**Dataset records**

* * * * * * *

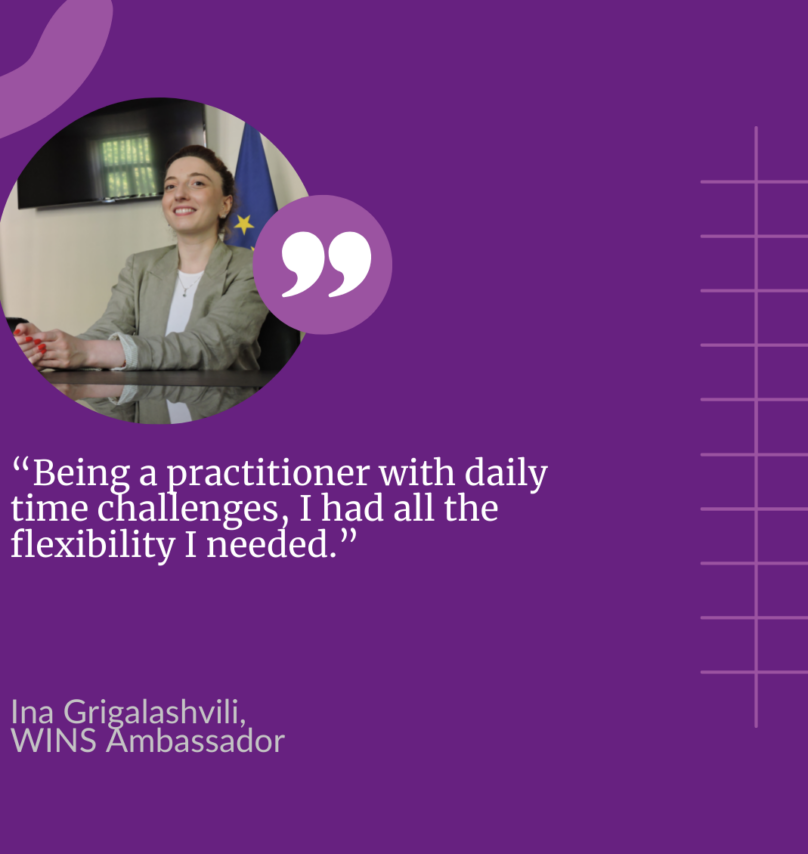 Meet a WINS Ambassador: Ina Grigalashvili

* * * * * * *

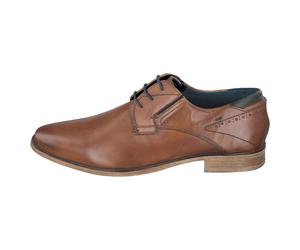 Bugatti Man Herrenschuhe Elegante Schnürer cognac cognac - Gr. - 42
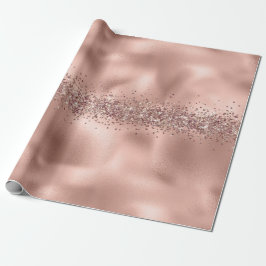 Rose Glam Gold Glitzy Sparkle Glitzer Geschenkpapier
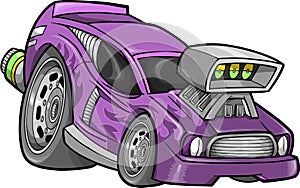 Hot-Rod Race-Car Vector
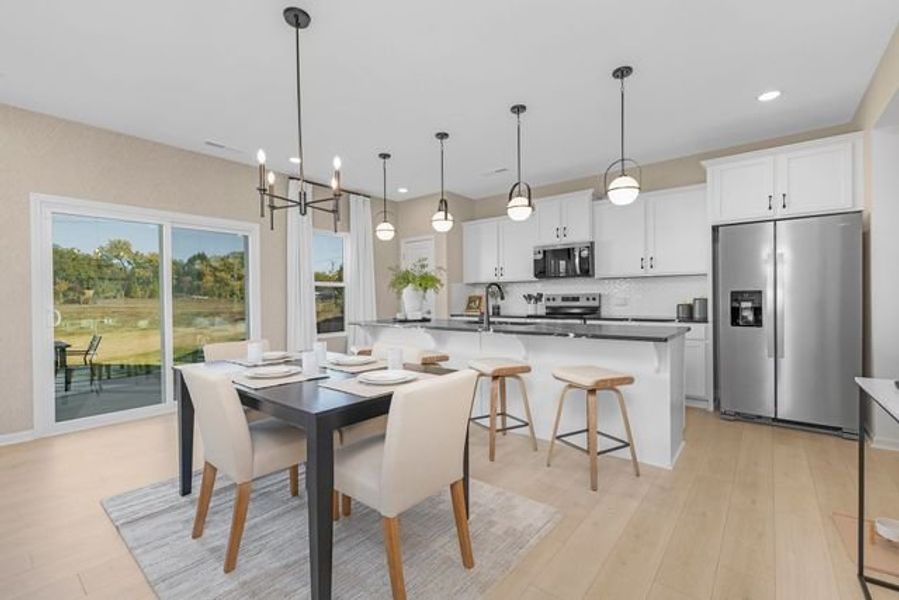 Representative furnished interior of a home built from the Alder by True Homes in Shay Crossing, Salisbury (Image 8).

* * * * * * *

**Problem to work on**
Give back exactly the lines above from the one with "Bugatti Man Herrenschuhe" through the one with "Hot-Rod Race-Car Vector", both included. Pictures don't belong in the copy.

**Written reply**
 Bugatti Man Herrenschuhe Elegante Schnürer cognac cognac - Gr. - 42
 Rose Glam Gold Glitzy Sparkle Glitzer Geschenkpapier
 Hot-Rod Race-Car Vector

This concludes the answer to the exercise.